К началу 1841 года, четыре раза подряд проиграв дополнительные выборы, Мельбурн почувствовал тень нависшего над ним меча. Катастрофа произошла в начале июня 1841 года, когда администрации Мельбурна вынесли вотум недоверия всего с одним голосом против. Последующие всеобщие выборы подтвердили широко распространенное мнение: правящей партией стали консерваторы под руководством Пиля — по возвращении в Вестминстер летом они получили большинство в размере более 90 мест. Пиль, которому не позволили занять должность во время Кризиса в спальных покоях, теперь собрал достаточно внушительную партию, чтобы проявить себя с лучшей или худшей стороны. Он стал первым по-настоящему консервативным премьер-министром — название «тори» к этому времени считалось несколько старомодным.
Выборы, как обычно, сопровождались беспорядками и бесцельными дерзкими выходками.

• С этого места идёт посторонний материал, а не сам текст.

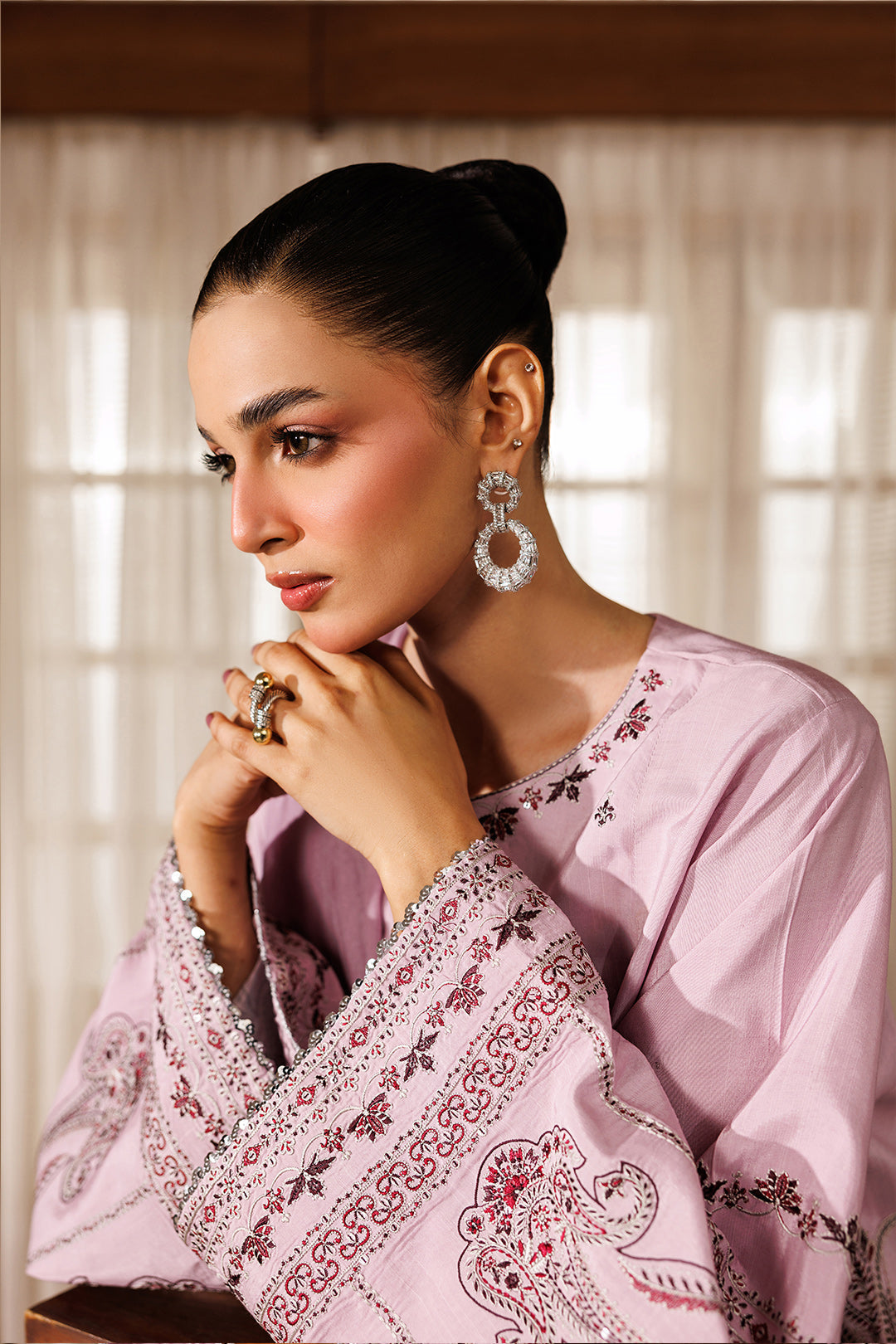 Noore Eid by Panache Women RTW Embroidered Raw Silk 3 Piece Suit Gull - Eid Collection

Ничего иного нельзя было ждать от страны, имеющей давнюю традицию народного протеста. В окрестностях парламента собирались большие группы людей, швыряющих камни и кирпичи и вечно недовольных состоянием политики. Это была та самая «безумствующая толпа», фигурировавшая почти во всех публичных обсуждениях. У новых хозяев Англии — среднего класса, заключившего союз со старым правящим классом, — имелись причины быть довольными. В колонке редактора The Times от 29 июля говорилось: «До сих пор мир не знал случая, чтобы партия пришла к власти в результате открытого голосования великого народа». Позиция Виктории никак не повлияла на результаты выборов, но ее симпатии к вигам были хорошо известны и широко освещались в печати. Лорд Эшли писал: «Я опасаюсь, что она в силу своего полнейшего незнания страны и конституции, природной ярости, ложной отваги, а также исключительного неукротимого своенравия обнаружит перед всеми свой характер и совершит действия, которые, хотя и не смогут повредить нам [тори], окажутся вредны для нее самой и для короны». Очевидно, Виктория тогда не пользовалась всеобщим уважением. Даже у ее мужа были на этот счет некоторые сомнения. Своему немецкому советнику Штокмару Альберт говорил: «Виктория ведет себя так торопливо и пылко, что мне не всегда удается рассказать ей о своих затруднениях. Не дослушав меня, она впадает в ярость, начинает осыпать меня упреками и подозрениями, обвиняет в недоверии, амбициях, зависти и проч., и проч.». Словом, новая королева не производила хорошего впечатления.